● RECORDED DATA:
::::::::::
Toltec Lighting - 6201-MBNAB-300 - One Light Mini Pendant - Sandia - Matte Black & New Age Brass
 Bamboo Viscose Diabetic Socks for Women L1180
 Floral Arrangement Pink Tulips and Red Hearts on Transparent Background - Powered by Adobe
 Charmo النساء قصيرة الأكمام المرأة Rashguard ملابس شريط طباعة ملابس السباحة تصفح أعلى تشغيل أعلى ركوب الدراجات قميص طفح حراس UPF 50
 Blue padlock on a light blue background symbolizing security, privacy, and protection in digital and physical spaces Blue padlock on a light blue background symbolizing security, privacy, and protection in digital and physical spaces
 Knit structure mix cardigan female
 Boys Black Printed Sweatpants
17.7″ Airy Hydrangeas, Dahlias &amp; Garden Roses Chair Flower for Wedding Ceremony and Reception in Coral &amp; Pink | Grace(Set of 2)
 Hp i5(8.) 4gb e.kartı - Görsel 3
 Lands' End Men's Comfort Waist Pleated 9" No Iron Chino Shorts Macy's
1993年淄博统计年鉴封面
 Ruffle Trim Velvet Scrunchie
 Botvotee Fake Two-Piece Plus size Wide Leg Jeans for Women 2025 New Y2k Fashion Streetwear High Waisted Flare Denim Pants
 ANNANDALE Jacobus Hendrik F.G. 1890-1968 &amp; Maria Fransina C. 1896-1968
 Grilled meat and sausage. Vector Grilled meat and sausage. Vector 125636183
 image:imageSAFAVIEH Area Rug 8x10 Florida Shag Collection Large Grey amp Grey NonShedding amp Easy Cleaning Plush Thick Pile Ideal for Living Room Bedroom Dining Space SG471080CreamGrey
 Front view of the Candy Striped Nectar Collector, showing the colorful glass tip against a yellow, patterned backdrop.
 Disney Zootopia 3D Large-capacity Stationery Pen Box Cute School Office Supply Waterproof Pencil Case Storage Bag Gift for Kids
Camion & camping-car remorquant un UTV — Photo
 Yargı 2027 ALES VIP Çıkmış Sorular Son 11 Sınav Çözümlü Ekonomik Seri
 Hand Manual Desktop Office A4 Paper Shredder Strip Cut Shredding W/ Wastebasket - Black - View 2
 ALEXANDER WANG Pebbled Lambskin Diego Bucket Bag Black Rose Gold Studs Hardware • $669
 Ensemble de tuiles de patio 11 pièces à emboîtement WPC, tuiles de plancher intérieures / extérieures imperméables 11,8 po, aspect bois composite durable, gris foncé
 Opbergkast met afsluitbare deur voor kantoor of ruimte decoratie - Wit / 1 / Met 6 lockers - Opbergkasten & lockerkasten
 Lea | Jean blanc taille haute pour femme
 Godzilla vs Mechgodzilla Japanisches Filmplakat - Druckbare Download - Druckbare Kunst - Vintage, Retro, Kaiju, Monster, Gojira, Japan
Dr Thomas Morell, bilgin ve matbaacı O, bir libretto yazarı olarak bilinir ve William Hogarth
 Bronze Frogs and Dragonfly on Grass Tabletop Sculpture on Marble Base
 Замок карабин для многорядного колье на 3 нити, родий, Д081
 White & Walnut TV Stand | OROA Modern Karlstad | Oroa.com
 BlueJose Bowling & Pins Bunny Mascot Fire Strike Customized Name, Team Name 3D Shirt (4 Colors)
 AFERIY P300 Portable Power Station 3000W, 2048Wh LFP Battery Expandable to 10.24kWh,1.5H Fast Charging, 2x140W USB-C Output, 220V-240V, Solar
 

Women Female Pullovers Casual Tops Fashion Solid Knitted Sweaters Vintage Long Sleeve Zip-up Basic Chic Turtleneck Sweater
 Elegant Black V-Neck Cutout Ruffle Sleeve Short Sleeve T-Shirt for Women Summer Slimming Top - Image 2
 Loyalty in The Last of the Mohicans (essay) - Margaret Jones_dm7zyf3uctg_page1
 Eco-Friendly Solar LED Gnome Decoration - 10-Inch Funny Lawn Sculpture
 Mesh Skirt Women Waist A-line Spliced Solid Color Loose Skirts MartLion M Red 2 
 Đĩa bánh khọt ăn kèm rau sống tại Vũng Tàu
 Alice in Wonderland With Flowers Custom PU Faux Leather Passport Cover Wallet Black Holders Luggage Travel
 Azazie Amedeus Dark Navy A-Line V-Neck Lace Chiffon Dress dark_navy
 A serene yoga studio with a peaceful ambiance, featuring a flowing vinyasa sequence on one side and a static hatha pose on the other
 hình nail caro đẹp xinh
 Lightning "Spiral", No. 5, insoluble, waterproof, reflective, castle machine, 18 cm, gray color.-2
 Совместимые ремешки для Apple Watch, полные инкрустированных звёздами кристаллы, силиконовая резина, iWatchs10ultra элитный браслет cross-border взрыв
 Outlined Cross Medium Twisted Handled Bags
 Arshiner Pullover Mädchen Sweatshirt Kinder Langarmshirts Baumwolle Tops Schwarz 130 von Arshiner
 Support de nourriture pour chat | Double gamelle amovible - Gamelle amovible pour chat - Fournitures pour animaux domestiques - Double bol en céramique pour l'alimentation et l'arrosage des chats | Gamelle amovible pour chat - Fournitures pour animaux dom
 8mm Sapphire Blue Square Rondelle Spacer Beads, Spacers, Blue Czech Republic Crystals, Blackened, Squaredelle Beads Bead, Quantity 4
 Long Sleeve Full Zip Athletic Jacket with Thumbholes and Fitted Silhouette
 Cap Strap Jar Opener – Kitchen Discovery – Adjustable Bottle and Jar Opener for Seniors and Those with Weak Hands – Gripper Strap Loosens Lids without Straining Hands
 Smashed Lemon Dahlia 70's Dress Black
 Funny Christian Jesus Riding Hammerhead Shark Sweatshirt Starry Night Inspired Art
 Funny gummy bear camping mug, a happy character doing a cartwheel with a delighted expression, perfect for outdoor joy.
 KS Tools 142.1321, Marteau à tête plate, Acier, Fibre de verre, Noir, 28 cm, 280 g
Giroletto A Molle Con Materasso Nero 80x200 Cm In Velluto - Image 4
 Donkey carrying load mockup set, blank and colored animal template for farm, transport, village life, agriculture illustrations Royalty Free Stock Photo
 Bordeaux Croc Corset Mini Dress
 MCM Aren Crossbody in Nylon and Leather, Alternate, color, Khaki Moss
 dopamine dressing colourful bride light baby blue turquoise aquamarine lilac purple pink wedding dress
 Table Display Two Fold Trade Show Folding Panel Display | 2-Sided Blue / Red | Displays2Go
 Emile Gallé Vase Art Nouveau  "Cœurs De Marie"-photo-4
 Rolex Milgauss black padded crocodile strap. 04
::::::::::
● WHAT THE TASK REQUIRES:
Copy out the line containing "KS Tools 142.1321, Marteau", then every line after it through the end of the listing, exactly and with nothing else.

● RESPONSE BELOW:
 KS Tools 142.1321, Marteau à tête plate, Acier, Fibre de verre, Noir, 28 cm, 280 g
Giroletto A Molle Con Materasso Nero 80x200 Cm In Velluto - Image 4
 Donkey carrying load mockup set, blank and colored animal template for farm, transport, village life, agriculture illustrations Royalty Free Stock Photo
 Bordeaux Croc Corset Mini Dress
 MCM Aren Crossbody in Nylon and Leather, Alternate, color, Khaki Moss
 dopamine dressing colourful bride light baby blue turquoise aquamarine lilac purple pink wedding dress
 Table Display Two Fold Trade Show Folding Panel Display | 2-Sided Blue / Red | Displays2Go
 Emile Gallé Vase Art Nouveau  "Cœurs De Marie"-photo-4
 Rolex Milgauss black padded crocodile strap. 04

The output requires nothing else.